Repurchase transactions (repo) involve selling collateral such as bonds and then subsequently buying them back at a slightly higher price, often overnight. This is a common way banks and institutions borrow and lend cash backed by collateral. Typically, collateral settlement takes time, limiting the duration and speed of repo transactions. Thus, the advantage of blockchain is the potential for instant settlement, which enables intraday repo.
This particular example was not so much about intraday repos as it was about using the Banque de France’s wholesale CBDC or “exploratory treasury tokens” issued on its DL3S platform. The transaction would have been part of trials of settling large DLTs in Eurosystem central bank money that ended in November.

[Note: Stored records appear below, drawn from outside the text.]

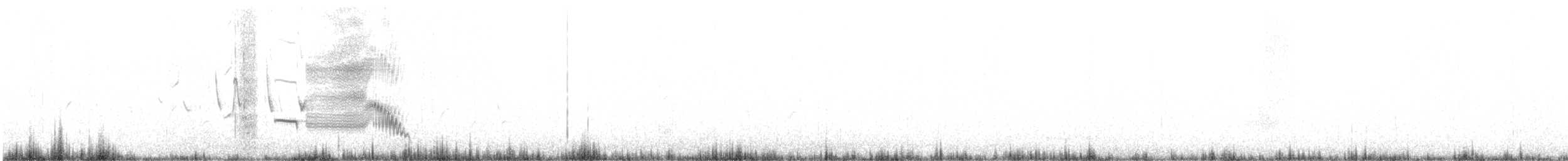 Long-tailed Meadowlark - ML626723356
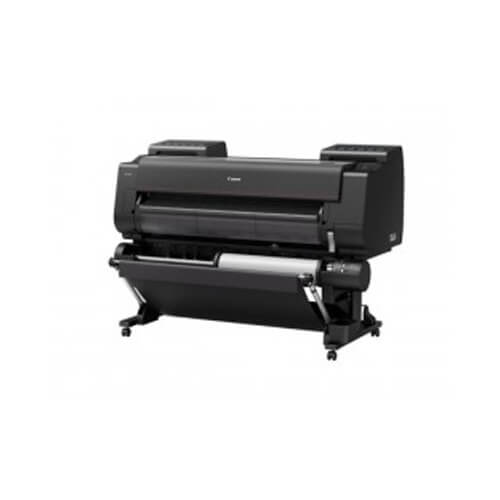 Plotter Canon PRO-6100 GRAPHIC 60 3871C003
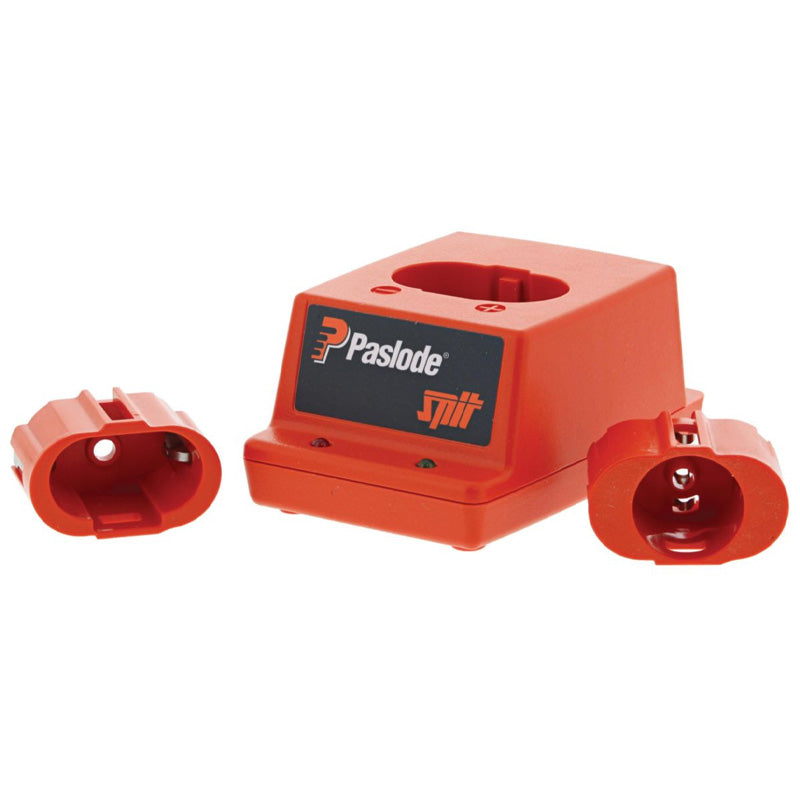 Base chargeur de batterie SPIT 035460 NiCd 2H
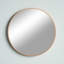 Miroir d'appoint mural moderne en aluminium-104739932-104739936-99405782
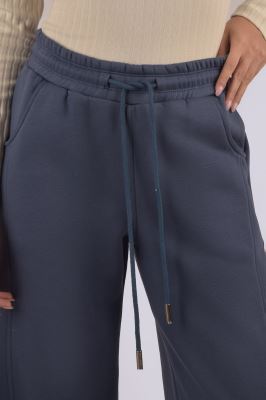 شلوار اسلش ساده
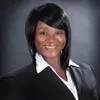Mishawn Smith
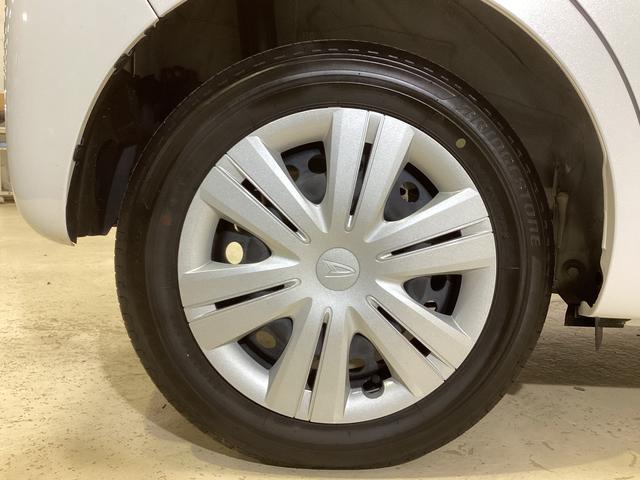 タント L ナビTV ドライブレコーダー ETC バックカメラ ワンオーナー ナビ ドライブレコーダー ETC バックカメラ 前後コーナーセンサー フルセグTV 両側スライドドア LEDヘッドライト オートライト スマートアシスト USB接続 Bluetooth(58枚目)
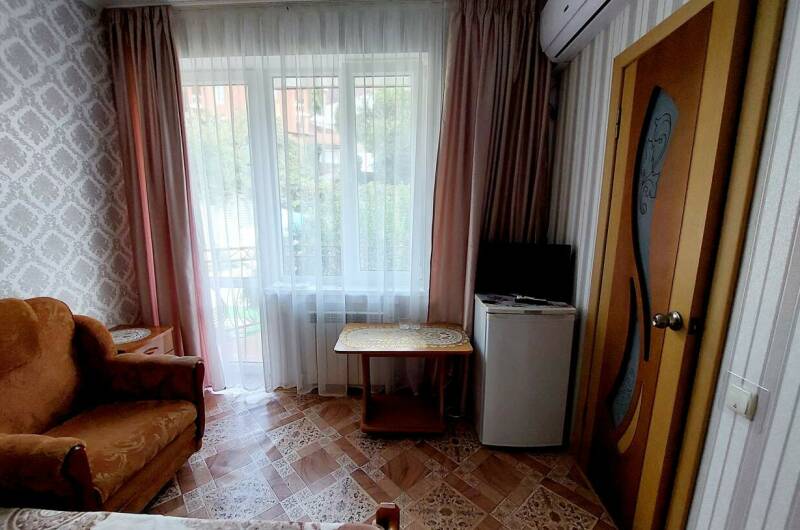 «Стандарт» № 10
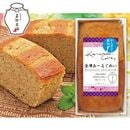 �濹�⡡��߷�������������뤰�줤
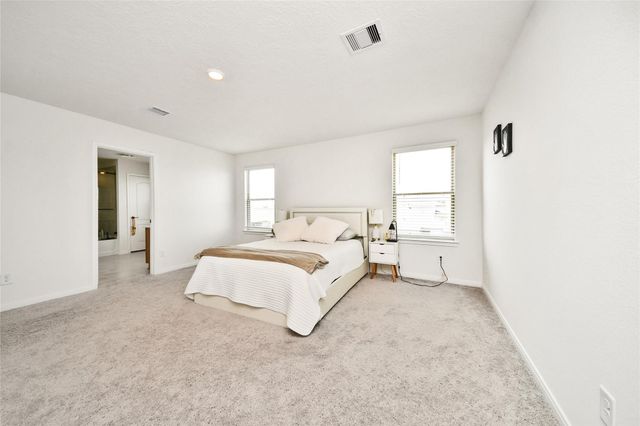 15707 Winter Heights Drive, Houston, TX 77044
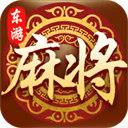东游麻将无需联网版官方最新版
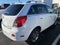 2013 Chevrolet Captiva Sport LT
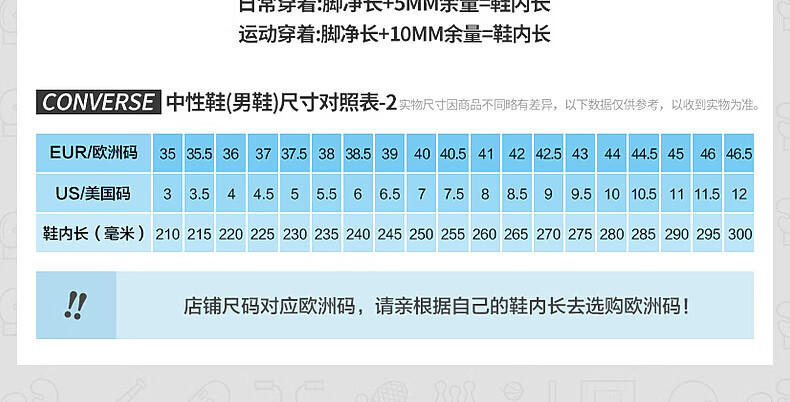 8bbd3184b59d809a.jpg
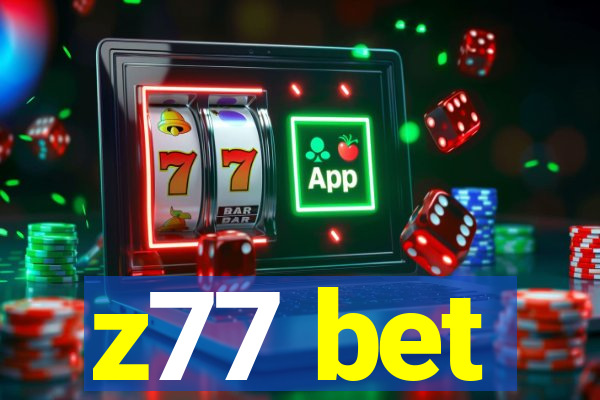 z77 bet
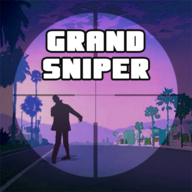 Grand Sniper(ѻֻ)
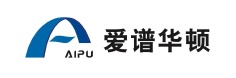 爱谱华顿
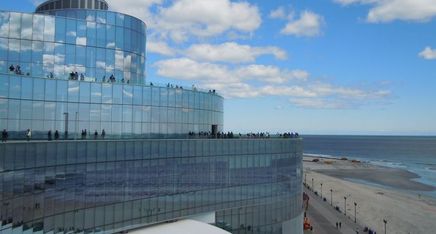 Featured_revel_feature_photo_4
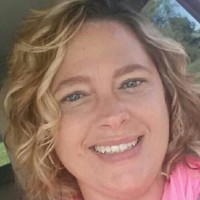 Sheri Nelson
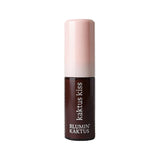 Blumin Kaktus Kaktus Kiss Lip Oil - 8ml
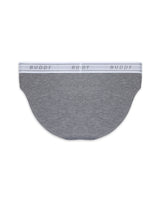 Classic Y-Front Brief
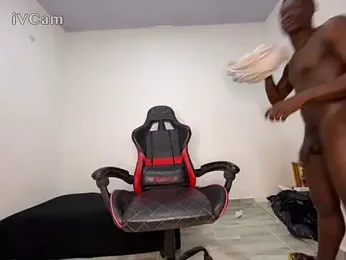 blessed-cock webcam stripchat model stream image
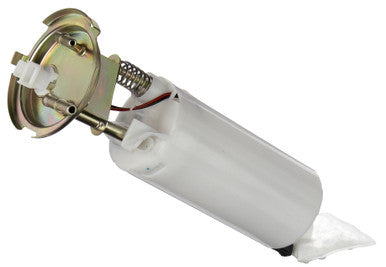 Spectra Premium SP113 Fuel Pump Assembly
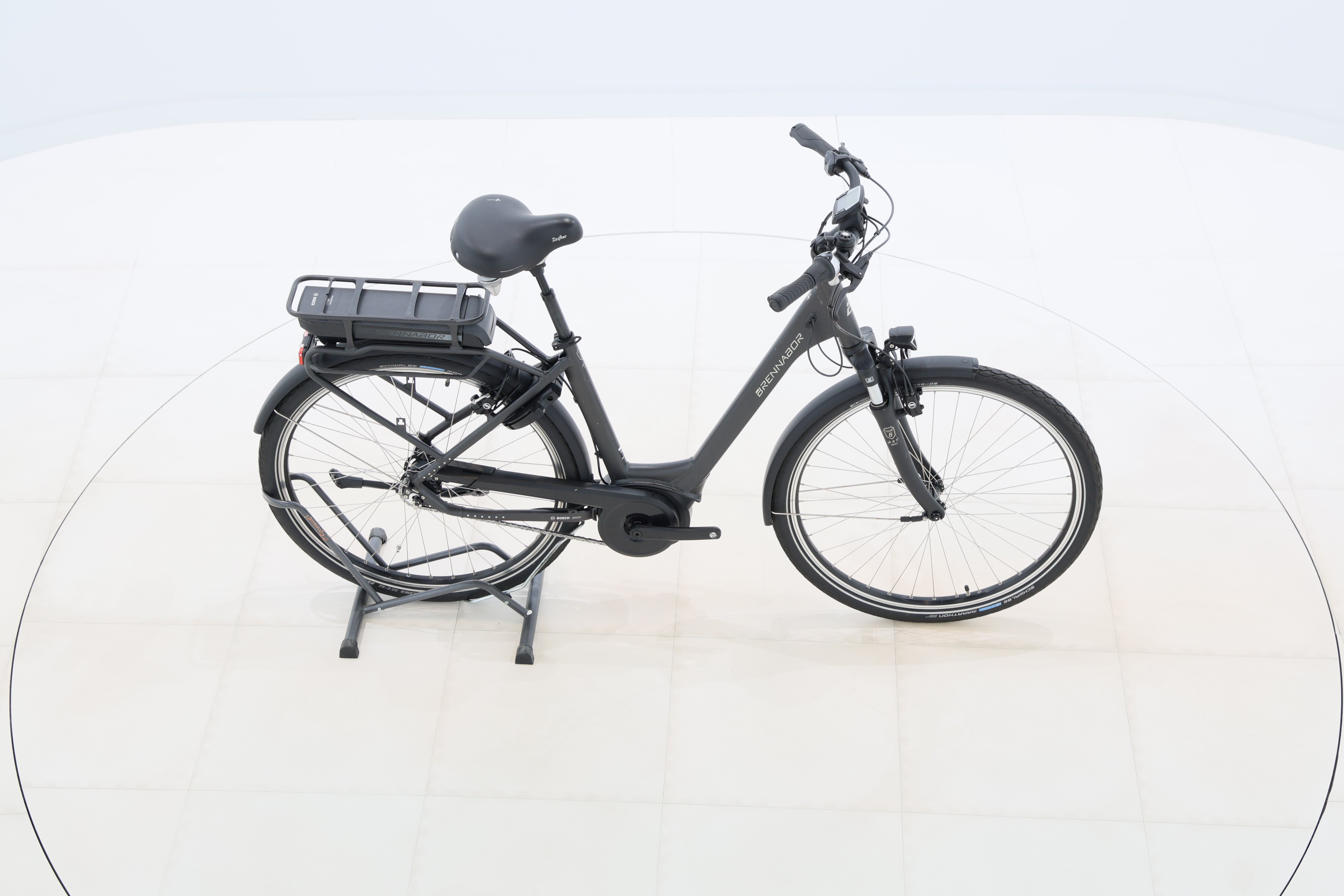 a057aff0-8f69-48a7-8264-abfa94524a3e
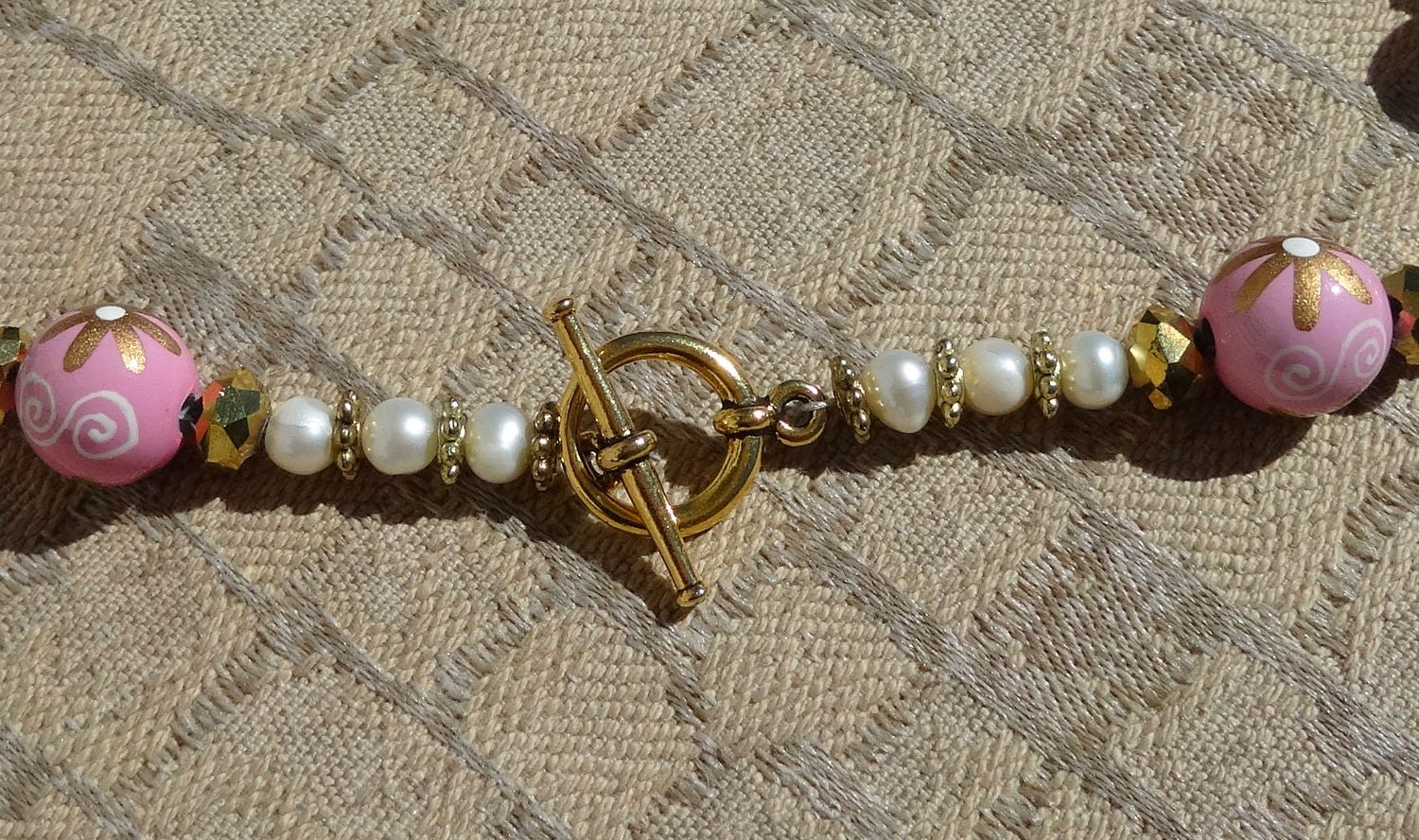 https://i.etsystatic.com/12652467/r/il/3aaf1c/1225080805/il_fullxfull.1225080805_oezu.jpg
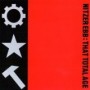 NITZER EBB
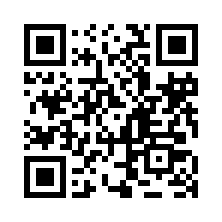 QR Code for 3CC93RjPVEqrtSU9EP3DCNJVDgr4d54qZz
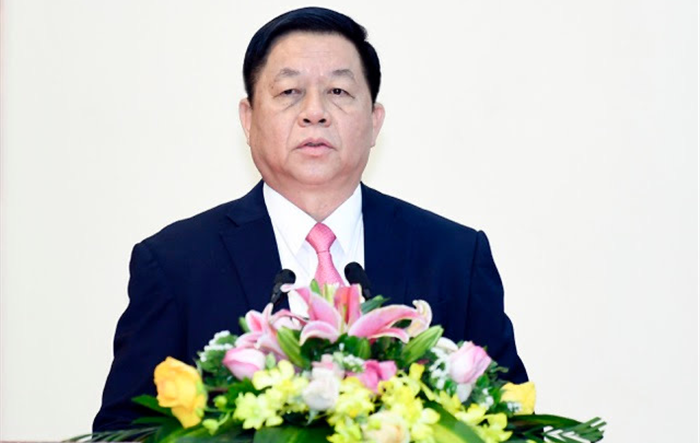 Báo chí với sứ mệnh khơi dậy, định hướng dòng chảy văn hóa tích cực trong đời sống xã hội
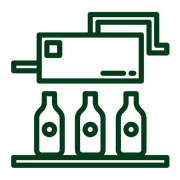 Abfüll- und Verpackungsanlagen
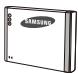 SAMSUNG VLUU ST50 - Unpacking - 2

When the initial bond was issued in 2020, the settlement also used the Banque de France’s wCBDC as part of an earlier pilot.
DLT and deposit
Other repo transactions in recent ECB trials have used the DL3S for settlement, such as a trial by ABN AMRO. That of SG-FORGE stood out in two ways: the other party to the transaction was the central bank itself and the collateral was a digital bond issued on the public Ethereum blockchain.
Repo is a use case that is already gaining momentum thanks to DLT, with Broadridge’s DLR processing $1 trillion in transactions per month.
In the meantime, this is a new first for Société Générale and SG-FORGE. It was the first to issue a bond on Ethereum in 2019. It was the first to facilitate a digital bond issuance by the European Investment Bank (EIB) also on Ethereum. SG-FORGE (which is not itself a bank) was the first European institution to issue a stablecoin, EURCV. It also borrowed money from the MakerDAO DeFi protocol by pledging a digital bond as collateral.